U.S.-made machines hold a commanding 40 percent market share overall, according to the report, which was issued in March by the U.S. Embassy in Mexico City. The report covers all types of machinery, including injection molding presses, extruders, blow molding machines, thermoformers, various forms of auxiliary machines, parts and molds.

Germany holds 21.7 percent of the market, followed by Italy with 8.1 percent and Japan with 7.2 percent. An ``others'' category accounted for the remaining 22.7 percent. Germany's market share has been slowly increasing, the report said.

Of the 1996 total, imports accounted for $576 million, or 90 percent. The overall market is expected to grow by 5 percent in 1997, to $666.2 million. Imports should grow by 6 percent, to hit 92 percent of the market in 1997, the report said.

U.S. producers dominate in three of the four major machinery categories, grabbing a 68 percent share of injection molding machines sold in Mexico, 62 percent of extruders and 75 percent of blow molding machines. In thermoformers, France leads with a 41 percent share of the market, over the United States at 29 percent.

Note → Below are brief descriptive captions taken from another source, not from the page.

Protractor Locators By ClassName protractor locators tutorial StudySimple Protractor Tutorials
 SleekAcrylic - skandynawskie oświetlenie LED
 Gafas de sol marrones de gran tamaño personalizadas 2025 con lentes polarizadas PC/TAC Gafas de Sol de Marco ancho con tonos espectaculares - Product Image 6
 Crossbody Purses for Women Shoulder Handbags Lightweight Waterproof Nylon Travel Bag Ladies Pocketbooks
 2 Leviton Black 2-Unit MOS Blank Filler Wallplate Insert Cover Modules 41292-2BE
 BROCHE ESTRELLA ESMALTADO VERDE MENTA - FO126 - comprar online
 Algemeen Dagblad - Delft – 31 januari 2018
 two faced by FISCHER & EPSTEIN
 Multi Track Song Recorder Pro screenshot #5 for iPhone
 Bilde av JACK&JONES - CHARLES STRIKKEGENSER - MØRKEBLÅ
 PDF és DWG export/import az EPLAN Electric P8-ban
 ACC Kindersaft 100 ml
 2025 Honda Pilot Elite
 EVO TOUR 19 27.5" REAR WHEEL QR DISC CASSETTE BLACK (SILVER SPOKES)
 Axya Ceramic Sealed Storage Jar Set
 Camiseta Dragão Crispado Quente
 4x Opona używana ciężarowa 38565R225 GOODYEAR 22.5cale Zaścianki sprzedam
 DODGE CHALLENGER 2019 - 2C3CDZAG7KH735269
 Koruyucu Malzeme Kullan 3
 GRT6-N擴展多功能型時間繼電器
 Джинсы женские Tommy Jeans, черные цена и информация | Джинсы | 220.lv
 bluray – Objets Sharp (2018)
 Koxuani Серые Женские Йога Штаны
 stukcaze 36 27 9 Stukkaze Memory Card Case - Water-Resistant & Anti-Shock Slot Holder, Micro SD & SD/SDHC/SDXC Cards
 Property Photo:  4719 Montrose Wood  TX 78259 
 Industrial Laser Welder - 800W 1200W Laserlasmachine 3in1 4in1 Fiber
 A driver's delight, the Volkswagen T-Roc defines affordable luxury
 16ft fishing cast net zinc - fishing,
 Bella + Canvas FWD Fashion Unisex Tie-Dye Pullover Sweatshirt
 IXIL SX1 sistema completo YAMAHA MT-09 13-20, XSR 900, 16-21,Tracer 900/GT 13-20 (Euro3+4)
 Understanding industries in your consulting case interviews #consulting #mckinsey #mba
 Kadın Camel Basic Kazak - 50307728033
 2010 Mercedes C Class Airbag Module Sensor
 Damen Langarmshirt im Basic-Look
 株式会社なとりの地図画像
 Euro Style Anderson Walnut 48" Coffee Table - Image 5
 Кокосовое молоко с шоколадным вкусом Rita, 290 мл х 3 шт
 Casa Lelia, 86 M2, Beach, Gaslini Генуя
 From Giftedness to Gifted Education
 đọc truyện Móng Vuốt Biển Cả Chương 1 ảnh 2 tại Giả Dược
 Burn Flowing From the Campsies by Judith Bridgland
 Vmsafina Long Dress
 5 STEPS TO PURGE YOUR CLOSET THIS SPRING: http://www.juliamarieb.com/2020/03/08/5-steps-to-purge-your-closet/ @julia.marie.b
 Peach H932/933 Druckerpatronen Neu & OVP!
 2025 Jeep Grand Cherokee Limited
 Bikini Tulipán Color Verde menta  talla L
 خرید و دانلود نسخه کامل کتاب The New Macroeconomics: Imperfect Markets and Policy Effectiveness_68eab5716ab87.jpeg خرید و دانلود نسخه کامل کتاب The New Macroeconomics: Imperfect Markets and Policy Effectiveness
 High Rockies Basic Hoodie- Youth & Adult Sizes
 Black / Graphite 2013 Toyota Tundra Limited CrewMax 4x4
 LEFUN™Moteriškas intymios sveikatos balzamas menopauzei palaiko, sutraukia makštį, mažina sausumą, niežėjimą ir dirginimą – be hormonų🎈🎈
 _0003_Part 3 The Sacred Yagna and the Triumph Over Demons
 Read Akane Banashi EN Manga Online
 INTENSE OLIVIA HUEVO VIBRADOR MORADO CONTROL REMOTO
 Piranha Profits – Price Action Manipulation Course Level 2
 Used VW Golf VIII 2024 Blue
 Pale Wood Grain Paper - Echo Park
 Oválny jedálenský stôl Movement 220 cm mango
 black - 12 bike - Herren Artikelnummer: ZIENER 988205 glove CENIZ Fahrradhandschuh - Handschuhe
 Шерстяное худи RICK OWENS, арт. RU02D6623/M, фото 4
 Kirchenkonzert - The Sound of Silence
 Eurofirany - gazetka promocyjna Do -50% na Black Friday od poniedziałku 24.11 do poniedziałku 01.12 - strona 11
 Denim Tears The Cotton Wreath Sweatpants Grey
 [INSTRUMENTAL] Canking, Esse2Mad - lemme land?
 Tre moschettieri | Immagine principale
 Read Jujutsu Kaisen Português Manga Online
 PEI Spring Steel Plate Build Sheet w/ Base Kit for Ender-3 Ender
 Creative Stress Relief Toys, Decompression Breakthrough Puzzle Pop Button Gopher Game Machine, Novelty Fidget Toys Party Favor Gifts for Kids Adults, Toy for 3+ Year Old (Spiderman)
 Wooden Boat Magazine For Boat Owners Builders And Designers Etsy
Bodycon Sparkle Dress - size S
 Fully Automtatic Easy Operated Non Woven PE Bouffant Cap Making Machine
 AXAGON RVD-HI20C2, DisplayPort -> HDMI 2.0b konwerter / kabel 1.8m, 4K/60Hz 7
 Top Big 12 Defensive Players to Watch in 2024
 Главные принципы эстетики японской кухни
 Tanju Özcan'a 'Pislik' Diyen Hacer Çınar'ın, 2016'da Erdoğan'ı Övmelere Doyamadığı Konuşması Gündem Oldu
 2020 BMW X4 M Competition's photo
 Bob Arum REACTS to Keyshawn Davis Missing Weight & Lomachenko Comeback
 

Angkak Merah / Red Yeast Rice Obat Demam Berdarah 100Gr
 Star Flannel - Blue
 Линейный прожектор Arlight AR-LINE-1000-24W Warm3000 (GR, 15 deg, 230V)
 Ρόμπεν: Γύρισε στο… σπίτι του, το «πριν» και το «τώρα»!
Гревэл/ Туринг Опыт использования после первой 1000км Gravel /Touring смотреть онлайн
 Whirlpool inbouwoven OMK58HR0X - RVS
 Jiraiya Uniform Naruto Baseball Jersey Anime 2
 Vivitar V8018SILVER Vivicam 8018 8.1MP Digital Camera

Mexico has 3,201 plastics processors. Nearly 60 percent of those companies have fewer than 15 employees, and most use commodity resins. Only a few use engineering resins to make demanding parts for markets such as automotive and electronics.

Mexico's processors use machines averaging 18 years old.

The Mexican machinery sector remains very small, accounting for only 10 percent of domestic sales, the report said. Estimates show only 10 companies make production machines for plastics. Another 110 make molds and dies, but the report said most of those also do plastics processing.

The U.S. government report also said Mexico is rebounding from its crippling peso crisis, caused by a massive currency devaluation in December 1994. Over the following 12 months, the peso lost 55 percent of its value against the U.S. dollar — meaning U.S.-made products cost 55 percent more than before in Mexico.

Machinery company executives said the peso crisis dashed what had been a promising market, not long after the signing of the North American Free Trade Agreement. In 1994, the first year of NAFTA, U.S.-Mexico trade increased by 23 percent, balanced between imports and exports. After the peso crisis, U.S. exports to Mexico declined 9 percent in 1995, as goods shipped from Mexico to the United States increased 25 percent.

``The period from January 1995 through the first half of 1996 was a time of painful adjustment for Mexico,'' the report said.

On the positive side, the currency crisis hammered down Mexico's big trade deficit, from $29 billion in 1994 to less than $700 million in 1995. During the first half of 1996, the peso appreciated slightly, interest rates fell sharply, and the stock market posted big gains, the report said. Industrial output also enjoyed a big gain. Domestic interest rates are still relatively high, at 35-40 percent.